*GIVEN DATA*.
========================
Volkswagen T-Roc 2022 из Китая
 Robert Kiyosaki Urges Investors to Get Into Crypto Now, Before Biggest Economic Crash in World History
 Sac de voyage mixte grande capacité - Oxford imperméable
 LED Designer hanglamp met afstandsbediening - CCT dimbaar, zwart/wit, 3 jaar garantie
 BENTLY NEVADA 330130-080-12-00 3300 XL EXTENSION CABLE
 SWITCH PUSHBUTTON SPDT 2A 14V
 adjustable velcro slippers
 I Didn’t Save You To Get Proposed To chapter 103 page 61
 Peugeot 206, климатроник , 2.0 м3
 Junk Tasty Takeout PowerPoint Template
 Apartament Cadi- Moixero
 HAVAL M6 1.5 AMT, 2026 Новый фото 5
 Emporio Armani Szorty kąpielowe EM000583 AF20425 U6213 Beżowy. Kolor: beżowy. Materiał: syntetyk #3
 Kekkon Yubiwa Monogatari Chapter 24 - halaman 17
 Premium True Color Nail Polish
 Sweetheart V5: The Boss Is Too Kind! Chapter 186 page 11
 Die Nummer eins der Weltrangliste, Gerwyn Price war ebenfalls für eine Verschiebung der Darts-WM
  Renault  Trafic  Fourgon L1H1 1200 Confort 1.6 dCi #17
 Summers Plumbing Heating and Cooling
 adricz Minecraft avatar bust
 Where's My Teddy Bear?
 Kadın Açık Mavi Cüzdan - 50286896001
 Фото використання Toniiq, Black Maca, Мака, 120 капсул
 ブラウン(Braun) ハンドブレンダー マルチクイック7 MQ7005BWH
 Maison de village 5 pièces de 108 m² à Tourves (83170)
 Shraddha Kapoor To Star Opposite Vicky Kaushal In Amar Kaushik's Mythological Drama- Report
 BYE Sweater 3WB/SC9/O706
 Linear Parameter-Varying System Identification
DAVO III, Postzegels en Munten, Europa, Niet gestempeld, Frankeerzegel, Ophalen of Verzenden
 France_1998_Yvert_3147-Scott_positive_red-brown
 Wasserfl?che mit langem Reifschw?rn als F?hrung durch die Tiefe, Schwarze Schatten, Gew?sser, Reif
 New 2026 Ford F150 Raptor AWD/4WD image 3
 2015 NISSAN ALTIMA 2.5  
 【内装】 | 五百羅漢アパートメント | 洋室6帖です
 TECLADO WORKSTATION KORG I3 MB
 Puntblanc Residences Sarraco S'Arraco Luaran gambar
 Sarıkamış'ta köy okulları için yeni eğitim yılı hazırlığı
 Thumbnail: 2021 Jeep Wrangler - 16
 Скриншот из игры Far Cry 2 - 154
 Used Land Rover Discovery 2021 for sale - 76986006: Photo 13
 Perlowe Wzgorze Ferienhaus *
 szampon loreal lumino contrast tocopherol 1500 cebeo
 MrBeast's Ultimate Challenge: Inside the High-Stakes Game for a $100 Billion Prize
========================
*PROBLEM STATEMENT*.
Within the material above, output exactly the lines from the one with "Sweetheart V5: The" through the one with "ブラウン(Braun) ハンドブレンダー マルチクイック7 MQ7005BWH", end lines included, and nothing besides.

*PROBLEM SOLUTION*.
 Sweetheart V5: The Boss Is Too Kind! Chapter 186 page 11
 Die Nummer eins der Weltrangliste, Gerwyn Price war ebenfalls für eine Verschiebung der Darts-WM
  Renault  Trafic  Fourgon L1H1 1200 Confort 1.6 dCi #17
 Summers Plumbing Heating and Cooling
 adricz Minecraft avatar bust
 Where's My Teddy Bear?
 Kadın Açık Mavi Cüzdan - 50286896001
 Фото використання Toniiq, Black Maca, Мака, 120 капсул
 ブラウン(Braun) ハンドブレンダー マルチクイック7 MQ7005BWH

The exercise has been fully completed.